__Data section__
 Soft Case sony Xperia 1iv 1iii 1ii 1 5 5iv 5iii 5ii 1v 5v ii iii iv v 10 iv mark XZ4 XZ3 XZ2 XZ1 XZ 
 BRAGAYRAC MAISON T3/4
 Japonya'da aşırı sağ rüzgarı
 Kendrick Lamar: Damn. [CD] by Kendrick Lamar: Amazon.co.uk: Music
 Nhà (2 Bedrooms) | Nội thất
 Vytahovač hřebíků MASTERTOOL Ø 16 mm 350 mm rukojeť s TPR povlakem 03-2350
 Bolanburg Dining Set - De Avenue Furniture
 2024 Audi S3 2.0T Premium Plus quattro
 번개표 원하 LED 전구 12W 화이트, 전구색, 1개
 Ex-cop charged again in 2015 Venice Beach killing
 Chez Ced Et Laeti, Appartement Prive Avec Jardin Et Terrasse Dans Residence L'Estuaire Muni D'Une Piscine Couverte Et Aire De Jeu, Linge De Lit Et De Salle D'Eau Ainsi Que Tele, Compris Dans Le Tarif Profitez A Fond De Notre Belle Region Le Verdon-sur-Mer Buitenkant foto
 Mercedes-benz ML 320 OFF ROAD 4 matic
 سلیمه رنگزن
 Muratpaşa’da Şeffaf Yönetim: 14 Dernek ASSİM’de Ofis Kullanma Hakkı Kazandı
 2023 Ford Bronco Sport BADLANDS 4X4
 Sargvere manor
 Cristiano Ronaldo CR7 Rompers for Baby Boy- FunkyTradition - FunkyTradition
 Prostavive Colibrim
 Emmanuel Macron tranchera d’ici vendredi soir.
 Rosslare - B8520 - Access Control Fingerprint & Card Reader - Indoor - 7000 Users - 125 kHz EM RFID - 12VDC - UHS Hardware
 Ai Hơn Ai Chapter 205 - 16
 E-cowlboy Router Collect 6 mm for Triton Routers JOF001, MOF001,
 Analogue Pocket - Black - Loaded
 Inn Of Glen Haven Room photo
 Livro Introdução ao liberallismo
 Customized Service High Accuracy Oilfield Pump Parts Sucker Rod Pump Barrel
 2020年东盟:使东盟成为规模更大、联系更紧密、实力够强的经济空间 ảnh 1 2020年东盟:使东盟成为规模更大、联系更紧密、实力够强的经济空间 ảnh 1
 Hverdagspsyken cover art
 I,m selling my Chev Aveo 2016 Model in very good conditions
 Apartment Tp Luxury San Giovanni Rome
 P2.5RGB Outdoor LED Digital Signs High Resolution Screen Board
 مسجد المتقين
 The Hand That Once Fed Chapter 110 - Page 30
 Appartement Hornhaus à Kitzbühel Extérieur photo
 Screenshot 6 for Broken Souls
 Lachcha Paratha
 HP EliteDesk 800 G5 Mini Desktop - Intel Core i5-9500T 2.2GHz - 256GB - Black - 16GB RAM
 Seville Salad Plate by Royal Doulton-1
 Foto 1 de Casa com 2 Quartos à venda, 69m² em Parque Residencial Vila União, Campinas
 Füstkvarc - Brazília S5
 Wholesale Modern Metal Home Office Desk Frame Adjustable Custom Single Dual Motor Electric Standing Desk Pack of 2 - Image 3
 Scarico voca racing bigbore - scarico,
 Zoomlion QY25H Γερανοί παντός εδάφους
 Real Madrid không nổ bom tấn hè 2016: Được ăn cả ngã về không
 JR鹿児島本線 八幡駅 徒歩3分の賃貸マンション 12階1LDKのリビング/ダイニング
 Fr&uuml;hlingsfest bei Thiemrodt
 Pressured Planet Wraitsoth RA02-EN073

__Instructions to follow__
The span to give again runs from the line with "Ai Hơn Ai Chapter 205 - 16" through the last line of the records above; reproduce it exactly and nothing more.

__Exercise response__
 Ai Hơn Ai Chapter 205 - 16
 E-cowlboy Router Collect 6 mm for Triton Routers JOF001, MOF001,
 Analogue Pocket - Black - Loaded
 Inn Of Glen Haven Room photo
 Livro Introdução ao liberallismo
 Customized Service High Accuracy Oilfield Pump Parts Sucker Rod Pump Barrel
 2020年东盟:使东盟成为规模更大、联系更紧密、实力够强的经济空间 ảnh 1 2020年东盟:使东盟成为规模更大、联系更紧密、实力够强的经济空间 ảnh 1
 Hverdagspsyken cover art
 I,m selling my Chev Aveo 2016 Model in very good conditions
 Apartment Tp Luxury San Giovanni Rome
 P2.5RGB Outdoor LED Digital Signs High Resolution Screen Board
 مسجد المتقين
 The Hand That Once Fed Chapter 110 - Page 30
 Appartement Hornhaus à Kitzbühel Extérieur photo
 Screenshot 6 for Broken Souls
 Lachcha Paratha
 HP EliteDesk 800 G5 Mini Desktop - Intel Core i5-9500T 2.2GHz - 256GB - Black - 16GB RAM
 Seville Salad Plate by Royal Doulton-1
 Foto 1 de Casa com 2 Quartos à venda, 69m² em Parque Residencial Vila União, Campinas
 Füstkvarc - Brazília S5
 Wholesale Modern Metal Home Office Desk Frame Adjustable Custom Single Dual Motor Electric Standing Desk Pack of 2 - Image 3
 Scarico voca racing bigbore - scarico,
 Zoomlion QY25H Γερανοί παντός εδάφους
 Real Madrid không nổ bom tấn hè 2016: Được ăn cả ngã về không
 JR鹿児島本線 八幡駅 徒歩3分の賃貸マンション 12階1LDKのリビング/ダイニング
 Fr&uuml;hlingsfest bei Thiemrodt
 Pressured Planet Wraitsoth RA02-EN073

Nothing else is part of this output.